Bob McCullough

No. 67
- Position: Offensive guard

Personal information
- Born: November 18, 1940 (age 85) Helena, Montana, U.S.
- Listed height: 6 ft 2 in (1.88 m)
- Listed weight: 245 lb (111 kg)

Career information
- High school: Helena
- College: Colorado (1958–1961)
- AFL draft: 1962: undrafted

Career history
- Denver Broncos (1962–1965);
- Stats at Pro Football Reference

= Bob McCullough (American football) =

American football player (born 1940)

Robert Vernon McCullough (born November 18, 1940) is an American former professional football offensive guard who played for the Denver Broncos of the American Football League (AFL). He played college football for the Colorado Buffaloes.

==Early life==
Robert Vernon McCullough was born on November 18, 1940, in Helena, Montana.
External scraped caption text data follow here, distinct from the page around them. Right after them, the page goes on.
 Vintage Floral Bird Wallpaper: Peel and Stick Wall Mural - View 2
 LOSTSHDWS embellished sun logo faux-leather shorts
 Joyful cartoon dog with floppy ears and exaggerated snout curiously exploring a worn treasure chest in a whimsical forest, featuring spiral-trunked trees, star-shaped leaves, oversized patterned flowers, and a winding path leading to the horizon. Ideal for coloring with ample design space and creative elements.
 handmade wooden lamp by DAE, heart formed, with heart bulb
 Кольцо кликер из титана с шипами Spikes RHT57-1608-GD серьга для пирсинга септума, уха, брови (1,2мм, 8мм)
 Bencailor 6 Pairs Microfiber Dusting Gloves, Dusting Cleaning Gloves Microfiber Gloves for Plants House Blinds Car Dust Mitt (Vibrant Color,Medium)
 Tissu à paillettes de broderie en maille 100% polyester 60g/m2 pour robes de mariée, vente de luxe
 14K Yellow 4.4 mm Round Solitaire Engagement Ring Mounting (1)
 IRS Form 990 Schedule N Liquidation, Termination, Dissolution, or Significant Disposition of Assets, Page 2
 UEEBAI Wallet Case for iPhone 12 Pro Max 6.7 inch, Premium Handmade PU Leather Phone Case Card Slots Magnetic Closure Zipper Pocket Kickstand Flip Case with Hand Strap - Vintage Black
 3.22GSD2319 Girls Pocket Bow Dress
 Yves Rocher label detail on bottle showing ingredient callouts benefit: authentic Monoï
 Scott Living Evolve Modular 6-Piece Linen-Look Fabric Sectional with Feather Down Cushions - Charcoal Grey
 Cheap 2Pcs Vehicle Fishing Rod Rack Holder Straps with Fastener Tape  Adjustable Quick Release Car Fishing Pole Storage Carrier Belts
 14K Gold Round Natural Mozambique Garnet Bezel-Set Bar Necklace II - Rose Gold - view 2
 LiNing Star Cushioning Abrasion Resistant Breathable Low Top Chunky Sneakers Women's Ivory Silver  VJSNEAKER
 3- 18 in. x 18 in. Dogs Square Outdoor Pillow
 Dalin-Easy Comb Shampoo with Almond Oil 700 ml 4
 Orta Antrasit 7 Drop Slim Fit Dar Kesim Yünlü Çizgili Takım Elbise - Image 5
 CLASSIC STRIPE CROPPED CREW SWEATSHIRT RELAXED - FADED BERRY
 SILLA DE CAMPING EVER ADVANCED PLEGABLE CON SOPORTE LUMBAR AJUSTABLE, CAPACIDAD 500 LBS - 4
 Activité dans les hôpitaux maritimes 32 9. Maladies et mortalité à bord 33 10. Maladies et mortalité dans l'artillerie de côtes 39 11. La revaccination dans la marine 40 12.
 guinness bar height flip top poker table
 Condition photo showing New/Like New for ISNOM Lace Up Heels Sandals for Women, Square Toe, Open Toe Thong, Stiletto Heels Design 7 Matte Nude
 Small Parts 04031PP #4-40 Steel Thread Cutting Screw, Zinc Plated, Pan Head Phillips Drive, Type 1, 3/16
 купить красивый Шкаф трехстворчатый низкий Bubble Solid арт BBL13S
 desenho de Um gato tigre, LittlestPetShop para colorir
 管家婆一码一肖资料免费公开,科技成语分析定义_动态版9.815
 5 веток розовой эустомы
He played high school football at Helena High School as a fullback on offense and tackle on defense. He earned Scholastic Magazines high school All-American honors as a senior in 1957.

==College career==
McCullough enrolled at the University of Colorado to play college football for the Buffaloes. He was on the freshman team in 1958 and a three-year varsity letterman from 1959 to 1961. He started the final five games of the 1959 season at tackle. He missed the 1960 season due to injury. In 1961, he was the backup to two-time consensus All-American Joe Romig.

==Professional career==
After going undrafted in the 1962 NFL and AFL drafts, McCullough signed with the Denver Broncos of the American Football League in April 1962. He received a $2,500 signing bonus and a first-year salary of $11,500. He was named to Pro Football Illustrateds AFL All-Rookie Team for the 1962 season. McCullough played in all 56 games, starting 54, at guard for the Broncos from 1962 to 1965. On August 20, 1966, he announced his retirement from pro football due to injury concerns. Doctors told McCullough that he could be paralyzed for life if he re-injured his neck. McCullough had separated vertabrae in his neck four times, the most recent being two weeks before his retirement.

==Personal life==
McCullough later served in the United States Army.